# Problem to work on:
When duplicating the records beneath this instruction, omit every picture and keep all else exact.

[Opening Material for the task section]

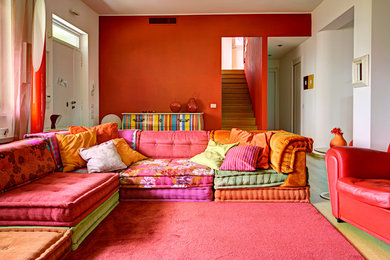 Modelo de sala de estar abierta bohemia de tamaño medio sin chimenea con paredes rojas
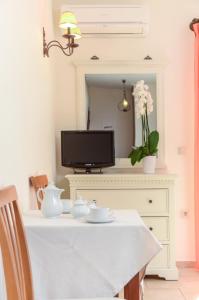 a white table with a tv on top of a dresser at Perla Hotel in Agios Prokopios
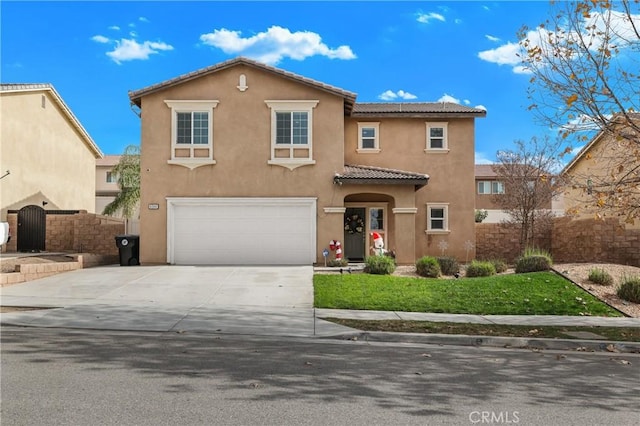 view of front of property with a front yard and a garage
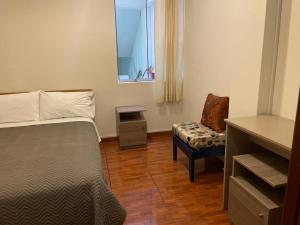 a bedroom with a bed and a chair and a window at Hostal Sotillo in Ilo +31 photos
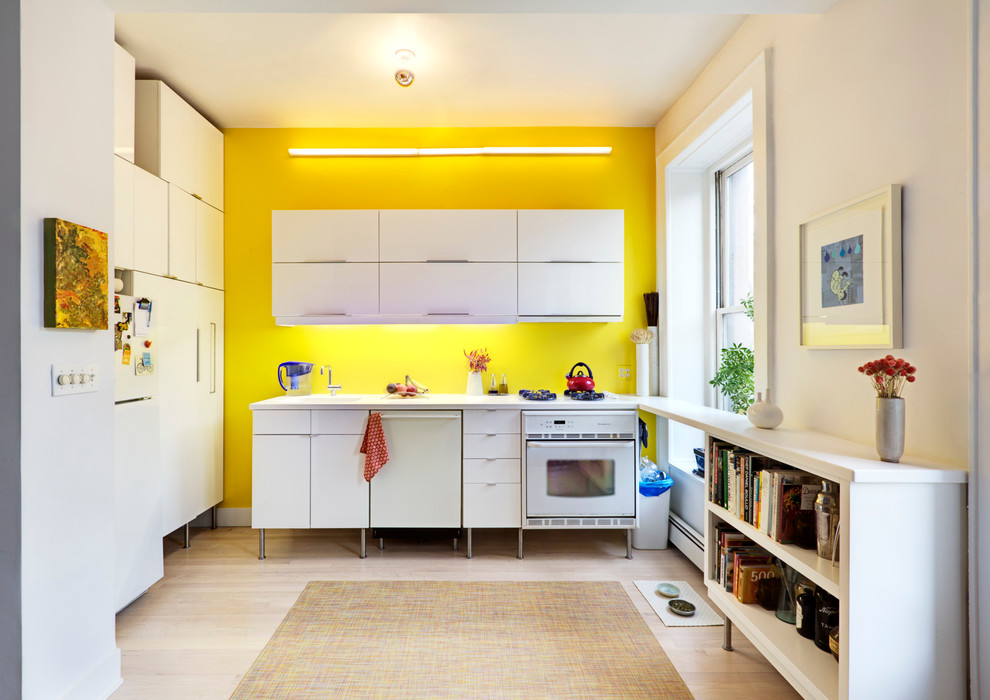 Enclosed kitchen - small contemporary l-shaped light wood floor enclosed kitchen idea in New York with white cabinets, yellow backsplash, white appliances, no island and flat-panel cabinets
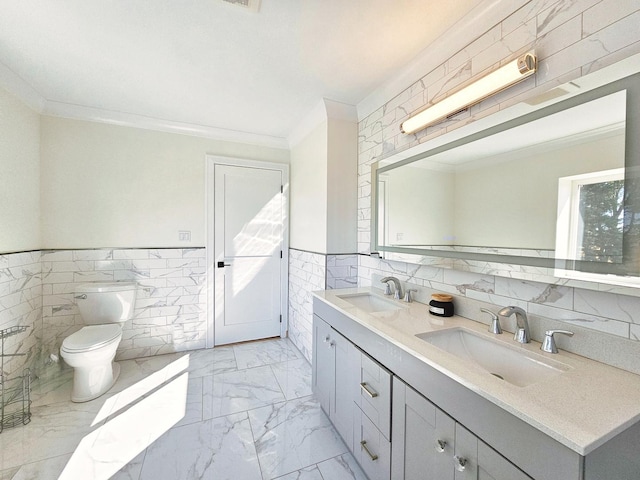 bathroom featuring toilet, vanity, tile walls, and ornamental molding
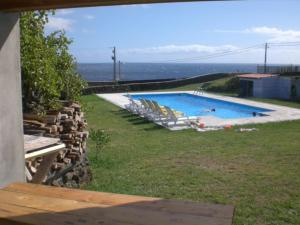 a swimming pool with lounge chairs and the ocean at Azores Residence in Pesqueiro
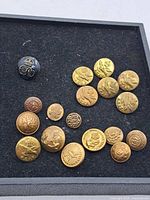 Lot of assorted vintage military buttons including several brass R.C.A.F. eagle insignia buttons scattered on a black felt surface.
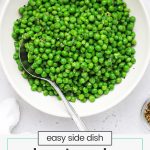 cooked frozen peas in a white bowl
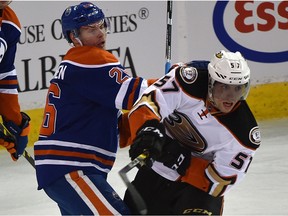 Iiro Pakarinen and Ducks forward David Perron  battle in front of the net during Tuesday's game at Rexall Place.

[Closing Material for the task section]

# Exercise response:
 Modelo de sala de estar abierta bohemia de tamaño medio sin chimenea con paredes rojas
 a white table with a tv on top of a dresser at Perla Hotel in Agios Prokopios
 view of front of property with a front yard and a garage
 a bedroom with a bed and a chair and a window at Hostal Sotillo in Ilo +31 photos
 Enclosed kitchen - small contemporary l-shaped light wood floor enclosed kitchen idea in New York with white cabinets, yellow backsplash, white appliances, no island and flat-panel cabinets
 bathroom featuring toilet, vanity, tile walls, and ornamental molding
 a swimming pool with lounge chairs and the ocean at Azores Residence in Pesqueiro
 Lot of assorted vintage military buttons including several brass R.C.A.F. eagle insignia buttons scattered on a black felt surface.
 cooked frozen peas in a white bowl
 Iiro Pakarinen and Ducks forward David Perron  battle in front of the net during Tuesday's game at Rexall Place.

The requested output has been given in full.